X. Aubert and H. Ney, ``Large Vocabulary Continuous Speech Recognition Using Word Graphs,'' Proceedings of the International Conference on Acoustics, Speech, and Signal Processing, Vol I, 1995, pp. 49-52.

M. P. Harper, L. H. Jamieson, C. D. Mitchell, G. Ying, S. Potisuk, P. N. Srinivasan, R. Chen, C. B. Zoltowski, L. L. McPheters, B. Pellom, and R. A. Helzerman, `` Integrating Language Models with Speech Recognition,'' Proceedings of the 1994 American Association for Artificial Intelligence Workshop on Integration the of Natural Language and Speech Processing, Seattle, WA, August 1994, pp. 139-146.

C.-H. Lee, E. Giachin, L. R. Rabiner, R. Pieraccini, and A. E. Rosenburg, ``Improved Acoustic Modeling For Large Vocabulary Continuous Speech Recognition,'' Computer Speech and Language,, Vol. 6, No. 2, 1992, pp. 103-127.

L. Nguyen, R. Schwartz, Y. Zhao, and G. Zavaliagkos, ``Is N-Best Dead?,'' Proceedings of the ARPA Human Language Technology Workshop, March 1994, pp. 411-414.

P. Placeway, R. Schwartz, P. Fung, and L. Nguyen, ``The Estimation of Powerful Language Models from Small and Large Corpora,'' The 1993 International Conference on Acoustics, Speech, and Signal Processing, 1993, pp.
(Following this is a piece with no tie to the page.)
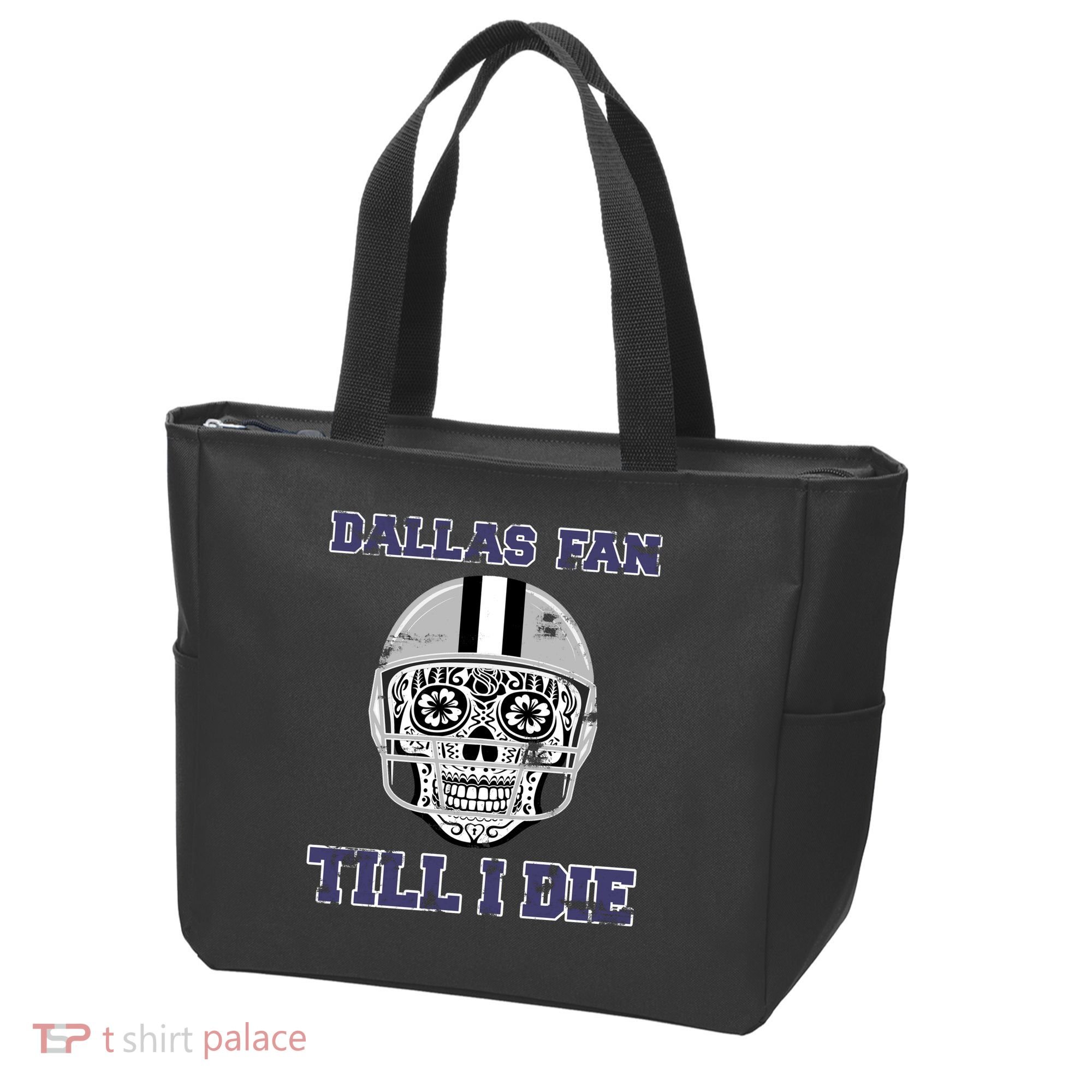 Dallas Fan Till I Die Tote Bag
II-33-II-36.

S. Young, ``A Review of Large-Vocabulary Continuous-Speech Recognition,'' IEEE Signal Processing Magazine, Vol. 13. No. 5, September 1996, pp. 45-57.

RELATED PROGRAM AREAS

Other Communication Modalities, Usability and User-Centered Design, Intelligent Interactive Systems for Persons with Disabilities.

POTENTIAL RELATED PROJECTS

This research could also be used for character recognition research, which would benefit from a similar approach.